What to say to someone with cancer
There’s no perfect script when someone you care about is diagnosed with cancer. You want to be comforting, but not dismissive. Encouraging, but never fake. It’s easy to get tongue-tied.
Saying nothing can feel like abandonment. But saying the wrong thing? That can hurt even more. No pressure, right?
Still, your words matter. And more than your words, your presence. Below are 50 things you can say, from one-liners to thoughtful messages, that come from a place of honesty, care, and respect.

50 Things to Say to Someone Who Has Cancer
- What to say when you don’t know what to say.
- I’m so sorry. I’m here.
- I hate that you’re going through this. I really do.
- This sucks. It really, really sucks.
- You don’t have to be strong for me.
- I’m not going anywhere.
- I’ll walk with you through this – whatever ‘this’ ends up looking like.
- You don’t need to respond. I just wanted to say I’m thinking of you.

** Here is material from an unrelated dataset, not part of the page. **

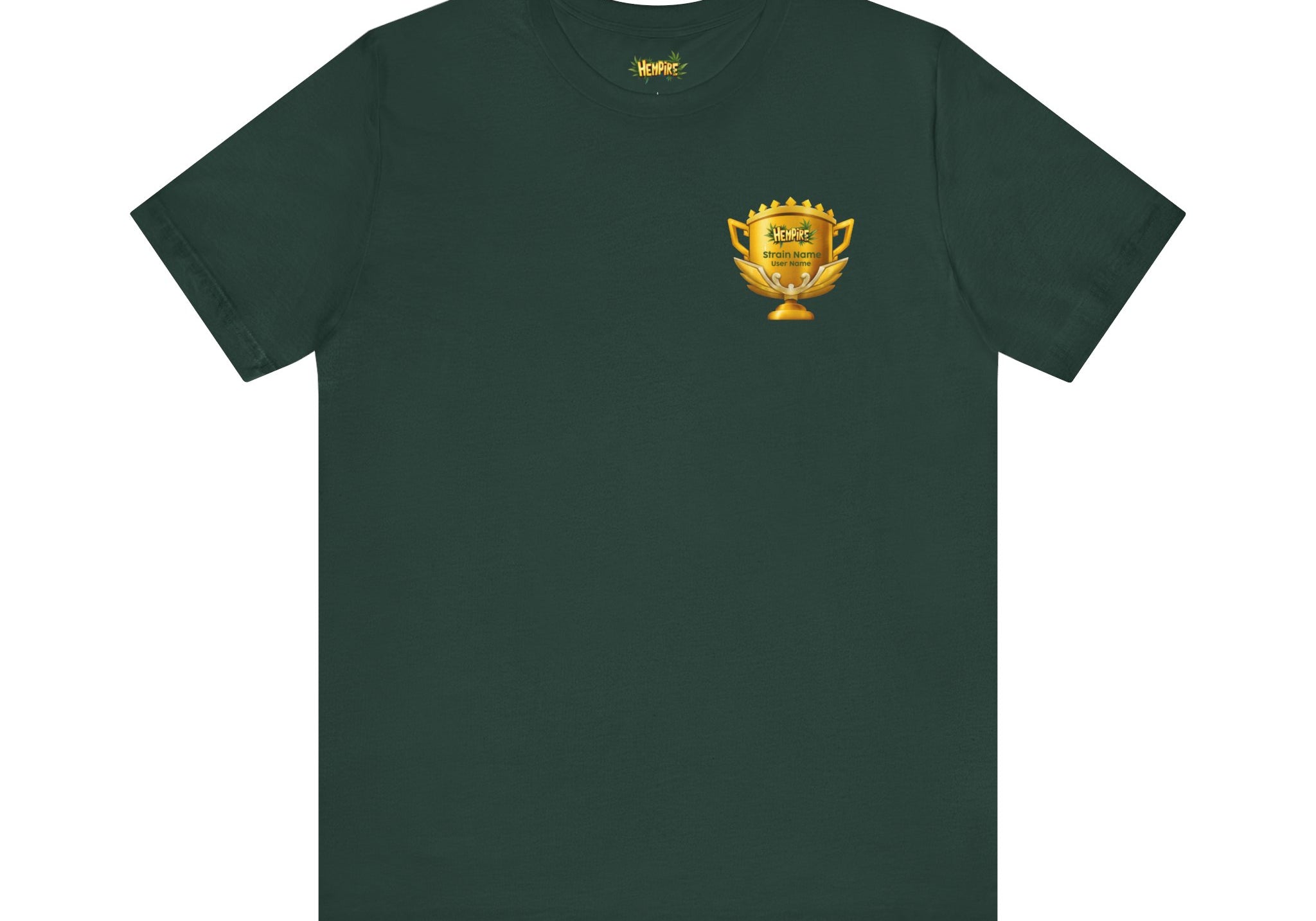 Personalized "Cup Winner" Short Sleeve Tee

- You’re still you. Nothing about this changes that.
- You don’t have to talk about it if you don’t want to. I’m still here either way.
- I don’t know what to say, but I love you.

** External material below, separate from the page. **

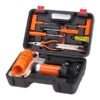 Combo Criquet Hidraulico Auto 2tn Gato + Compresor De Aire Mini Portátil Batería Daewoo 12v Manguera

See our Encouraging Quotes and Sayings page.
Offer A Helping Hand
- I’m making soup. Want some?
- I’m free Tuesday or Thursday to drive you to treatment. Which one works?
- Let’s make a playlist for the days you feel okay. And one for the days you really don’t.

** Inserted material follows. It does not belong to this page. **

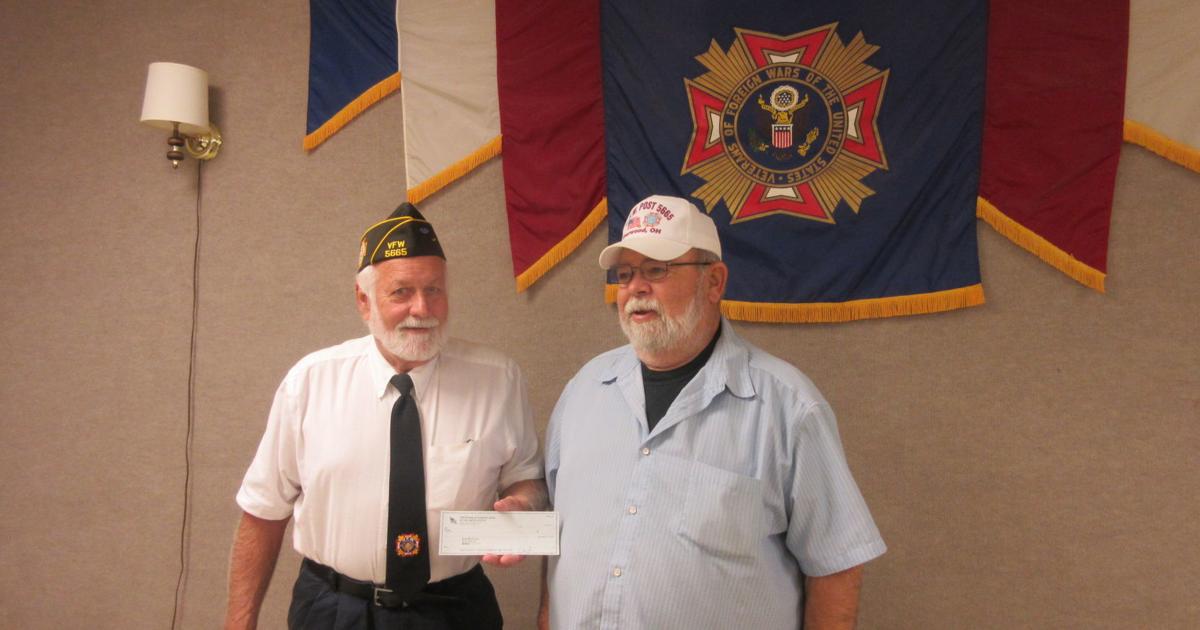 Steve Ransbottom Sherwood VFW donation | Local News | crescent-news.com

- You’re not a burden. You’re a priority.
- I’m here to talk, sit in silence, run errands, or just eat snacks and watch TV. Whatever feels right today.
- If you don’t feel like texting back, that’s okay. I’ll still keep checking in.
- You don’t owe anyone positivity. You’re allowed to just exist right now.
- You’re allowed to be scared. I’ll be scared with you.
- If you want to joke about it, I will. If you want to cry, I will. If you want to scream, I’ll get in the car and scream too.
- Can I help spread the word so you don’t have to keep repeating it?
- You don’t have to ‘fight’ every day. Sometimes, surviving is more than enough.
See our Words of Comfort for a Dying Friend feature.

Instilling Confidence
- I believe in your doctors. I believe in you more.
- Let me be your logistics person. I’ll keep track of appointments, meds, insurance, and whatever else is draining you.
- Want to plan something for when you feel stronger? Just a short walk or your favorite meal?
- I’ll sit with you during chemo if you want. I’ll bring snacks and shut up when needed.
- You don’t have to be brave for me. I already think you’re incredible.
- I can’t fix this. But I can carry part of it with you.
- We can talk about death if you want. Or life. Or tacos. Your call.
- You’re allowed to be messy. This doesn’t have to look graceful.
- Want me to bring food? Or a distraction? Or both?
- Text me anytime: 2 a.m., 5 p.m., whenever. I want to hear from you.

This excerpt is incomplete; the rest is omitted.